Now the BMA says GPs will not be able to do CCG work unless locum costs are fully covered and that its own analysis of superannuation costs suggested the Government has probably underestimated the total sum paid to locums by up to £10m because of the difficulty to calculate costs for locums used by PMS practices.
It says: ‘The BMA is concerned that the proposals have been rushed, with little regard shown for the security of pension contributions of locum doctors.
‘We also feel that it will be impossible for practices to take on locums whilst taking on additional CCG responsibilities if the cost of the locum is not fully covered; clearly in the current climate it would be unreasonable to expect practices to bear any of the risk of increasing costs to facilitate engagement.’
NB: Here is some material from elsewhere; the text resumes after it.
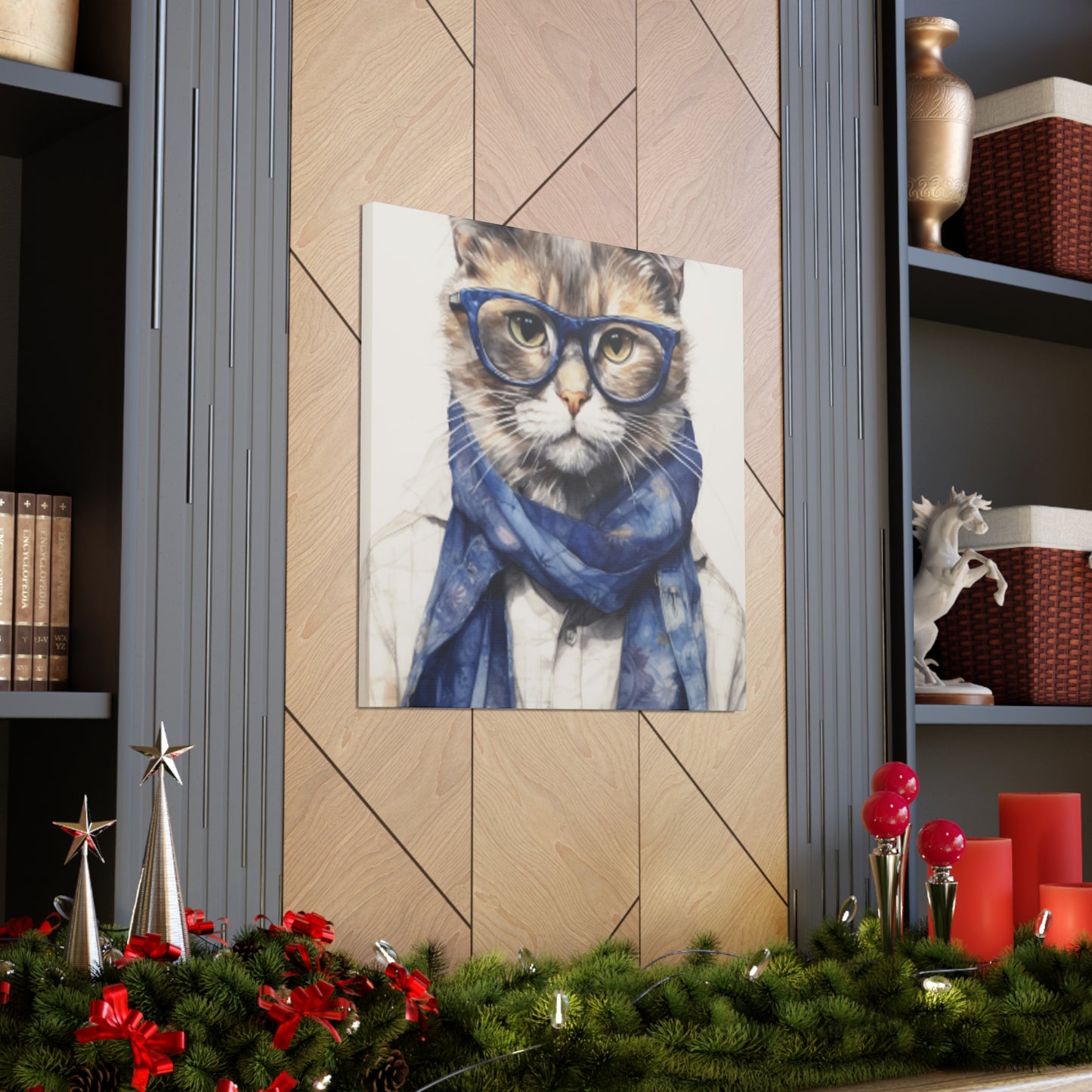Gray Kitty, Blue Glasses And Scarf - Large Wall Art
The BMA also reiterated calls to delay implementation of moving superannuations for one year, and for the payments to go into the global sum equivalent, rather than the global sum.
It also called for locums to be given the same rights to sickness benefit and death in service benefit as Type 2 practitioners (locums who are regularly at the same practice). It welcomed the consultation proposal to pay GPs for CCG work, but said it wants further clarity into whether they will also get paid for advising local authorities or in educational roles.
The Public Sector Pensions Bill, published in September 2012, has passed through the House of Commons but needs to pass through the House of Lords before it can can attain royal assent.